Why Do Jam Bands Have Such a Stigma?
The point is, there is still a very real stigma attached to jam bands, and much of the criticism directed at the scene isn't even relevant. Not in 2014. Archaic fashion doesn't dominate the scene these days any more than all jam bands are making music that amounts to uninspired, noodle-y wankathons. Psych-rock bands are steadily making their way onto the scene -- a scene that is already plenty steeped in psychedelia, by the way. Likewise, funk bands don't have a stigma on their own, and yet many jam bands that bring the funk hard are victims of it. So why the disconnect?
Hard to say, but refreshingly, it seems like the stigma is starting to fade, at least a bit, thanks to a group of artists who are breaking down the barriers, including Stephen Malkmus, whose new solo album nods to the scene, the National, which is coming out with a Grateful Dead tribute album full of indie-rock acts and Animal Collective, which samples the Dead.

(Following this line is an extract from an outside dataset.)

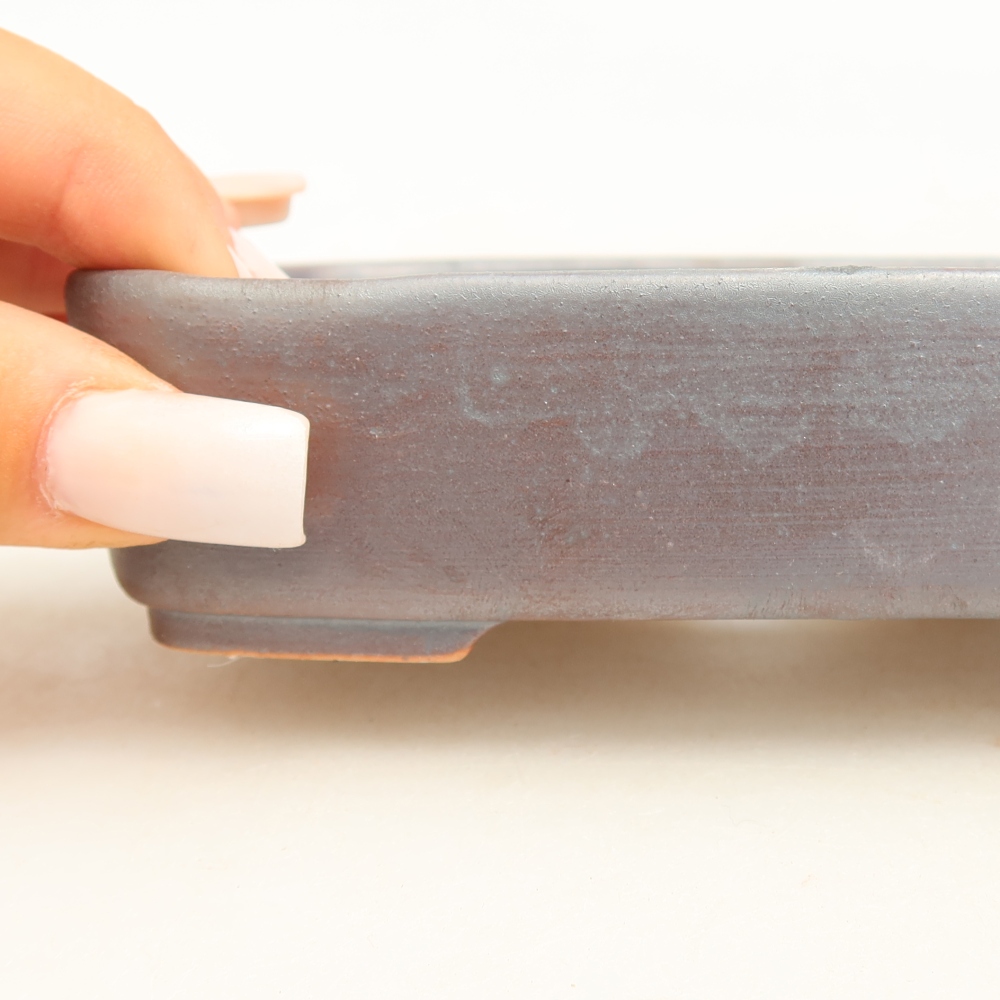 Keramische bonsaipot 13 x 9,5 x 3,5 cm, metaalachtige kleur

Whatever the case, at the end of the day, it's up to the fans to embrace the term and look past the snickering. Maybe one day everyone will realize that they are making fun of something that is actually fun, cooperative and has the ability to melt your face off like few musical genres can.
This isn't just a scene trying to relive the glory days of the Grateful Dead; we all know that's in the past and things just can't work like that again. Rather, it's a vibrant scene of talented musicians, knowledgeable and passionate fans and an unmistakable freedom of self: Jam-band fans get lost in the music and actually seem to enjoy themselves.
And, really, what's to hate about that?